We'll continue to flog that point.

Middle of 3d6 Theory

This exceeds my skills.

When will the median value be 6? This requires a (6, 6, 6) tie. Actually, it's a lot more than that. Anything with a pair of 6's means 6 will be the mid value. There are (15)/(216) ways to have a pair of sixes and another number. Think of (1, 6, 6) to (5, 6, 6), and (6, 1, 6) to (6, 5, 6), and (6, 6, 1) to (6, 6, 5). So, total, is P(6) = (16)/(6³).

For 5's? Ugh. I can't enumerate them manually. So. I'll use itertools to emit all 6³ = 216 combinations.

This isn't quite the same as simulation. The simulation probably hit all the combinations.

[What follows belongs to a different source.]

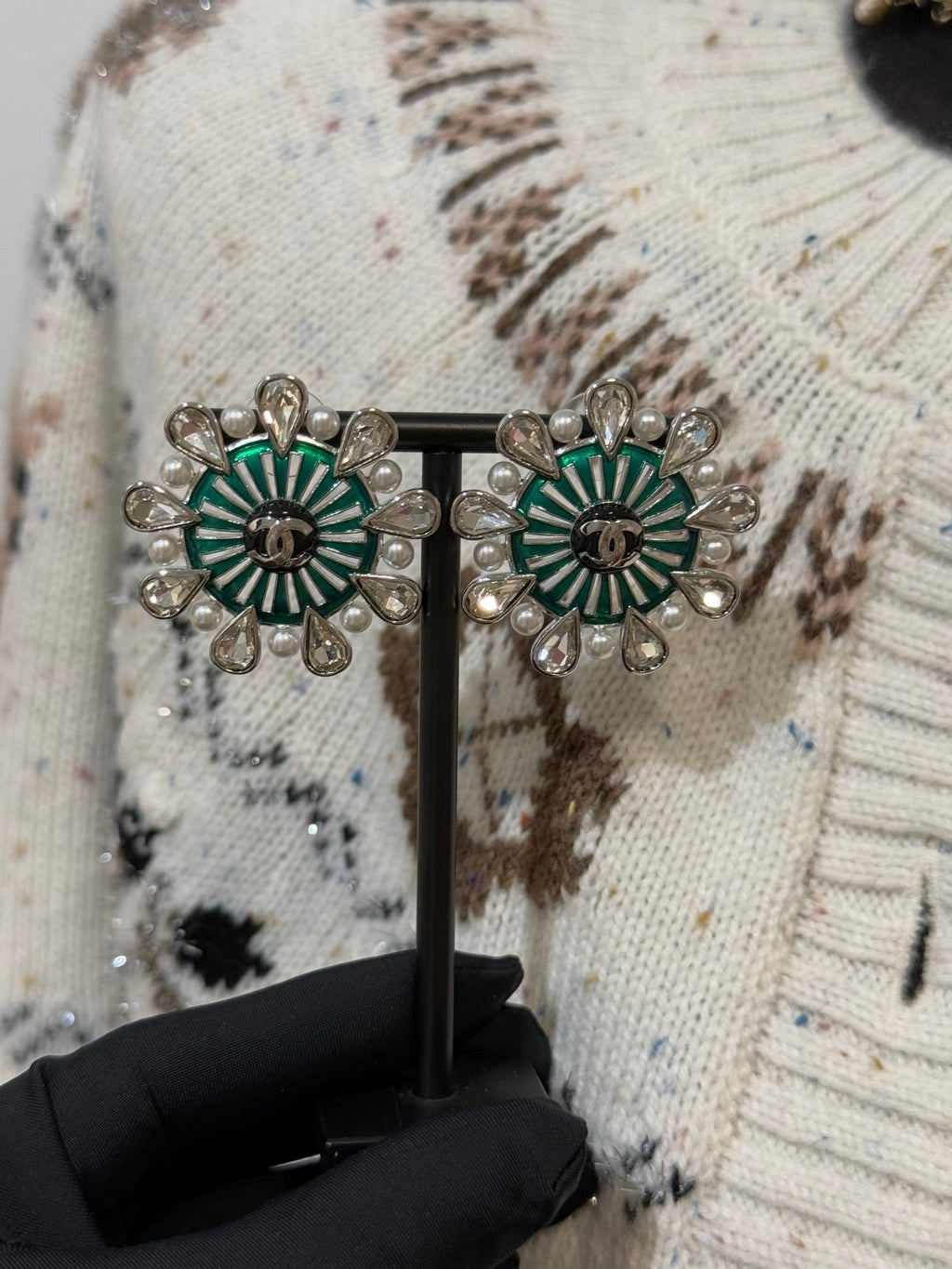 Chanel 2026 Green Enamel Openwork Pearl Teardrop Crystal Silver Snowflake Earrings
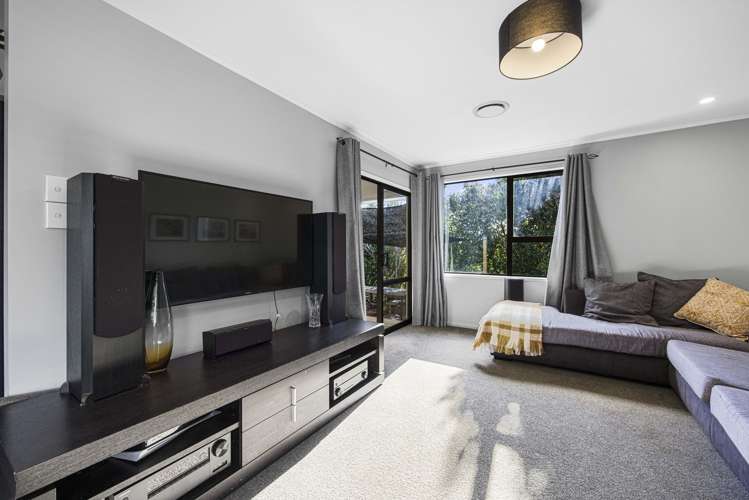 7 Leaming Place Clarks Beach_9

The itertools approach will absolutely create all of the combinations.

Here's the central part of enumerating all combinations:

import itertools

d6 = [n+1 for n in range(6)]
for c in itertools.product(d6, d6, d6):
    # do something with c

The itertools.product() will enumerate all 3-item combinations of the values in the d6 sequence.

Here it is in context.

import itertools
from collections import defaultdict

d6 = [n+1 for n in range(6)]
mid_3d6 = defaultdict(list)
for c in itertools.product(d6, d6, d6):
    mid_3d6[mid(c)].append(c)
for k in sorted(mid_3d6):
    print(k, len(mid_3d6[k]), [''.join(map(str, v)) for v in mid_3d6[k]])

We created a defaultdict object, a dictionary that will -- if a key is not found -- jam in a an empty list. When we evaluate mid_3d6[mid(c)] it will either

• find a list in the dictionary, because this value of mid(c) has been seen before, OR
• jam a new empty list into the dictionary, because the value has not been seen before.

Either way, mid_3d6[mid(c)] is a list, and we can append(c) to put another combination into that list. Why save them?

So we can display the count and all the patterns.

6 16 ['166', '266', '366', '466', '566', '616', '626', '636', '646', '656', '661', '662', '663', '664', '665', '666']

A 6 is the middle value (16)/(216) times. And there are the 16 patterns, to make it perfectly clear what's going on.

The sequence of 16-40-52-52-40-16 looks a lot like it is part of the binomial function. Looking at the text patterns, I can work out the following.

• P(6) = P(1) = (1 + 3×5)/(6³)
• P(5) = P(2) = (1 + 3×5 + 6×4)/(6³)
• P(4) = P(3) = (1 + 3×5 + 6×4 + 4×3)/(6³)

Beyond this, I'm lost.

But.

Simulation showed me the way forward, and it wasn't much code.